Chapitre 783/82895%~12 min de lecture2 309 mots

« Non — qu'est-ce que c'était que ça, au juste ? »

Hormis Ludger, qui poursuivit le cours comme si de rien n'était, tous les élèves réunis dans la classe restaient figés, sous le choc.

Même Carlo, qui nourrissait une forme particulière de défiance à l'égard de Ludger, avait déjà baissé la jambe qu'il posait sur son bureau.

Les élèves présents appartenaient à la Classe Spéciale — des enfants au talent exceptionnel, même à Seorn.

Ils ne comprenaient peut-être pas précisément ce qui venait de se passer, mais ils étaient certains d'une chose : Ludger venait de faire quelque chose d'absolument insensé.

« Ce prof... les a-t-il... tirés de force jusqu'ici depuis loin ? À travers l'espace, en plus ? »

Du moins, c'était exactement ce qu'Hermoa avait vu.

Deux élèves qui auraient pu se trouver n'importe où étaient apparus soudainement de nulle part et s'étaient effondrés dans la classe.

L'esprit d'Hermoa se mit à tourner à toute allure.

Depuis le tout début jusqu'à maintenant, elle recomposa tout ce que Ludger avait fait, en assemblant les pièces pour former un tableau complet et cohérent.

« Il a étendu son mana de manière extrême, à la fois finement et largement. Cette sensation que j'ai ressentie... c'était causé par la dispersion du mana. »

L'acte d'étendre son mana visait probablement à localiser les élèves qui refusaient d'assister au cours.

Ce qu'utilisait Ludger s'apparentait à de la magie de détection, mais il en différait fondamentalement : il ne se contentait pas d'émettre des ondes unidimensionnelles.

Il avait littéralement dispersé son mana si finement, si infimement — comme l'humidité dans l'air, invisible et imperceptible même pour la peau — puis l'avait fixé sur place comme de la brume, prenant ainsi le contrôle de tout l'espace.
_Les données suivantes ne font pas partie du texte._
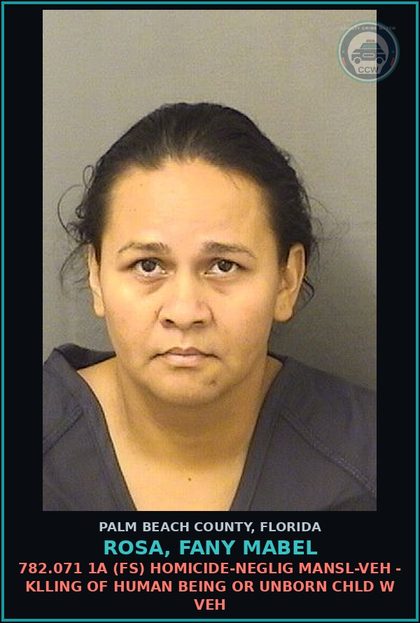 CCW arrest card for ROSA, FANY MABEL in Palm Beach County: 782.071 1A (FS) HOMICIDE-NEGLIG MANSL-VEH - KILLING OF HUMAN BEING OR UNBORN chld W VEH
« La raison était probablement de reconstruire ce mana dispersé sur l'instant et d'y déployer un nouveau sort. »

S'il s'était agi de magie de détection ordinaire, les deux élèves ramenés ici auraient réagi dès qu'ils l'auraient perçue.

Ils se seraient cachés davantage, ou enfuis ailleurs.

Dans ce cas, même après les avoir localisés par la détection, il y aurait eu le risque de les perdre à nouveau au moment même de la capture.

Pour l'éviter, Ludger choisit non pas la magie de détection, mais la méthode primitive consistant à disperser largement son mana lui-même.

Mais même avec une telle approche primitive, retrouver les élèves cachés relevait, selon le bon sens d'Hermoa, de l'incompréhensible.

Si l'on cherche des gens en manipulant le mana, ne détecterait-on pas les innombrables personnes présentes à Seorn ?

Des milliers de gens étaient disséminés dans Seorn. Était-il vraiment possible de ne repérer que les deux élèves précis qu'il voulait parmi eux ?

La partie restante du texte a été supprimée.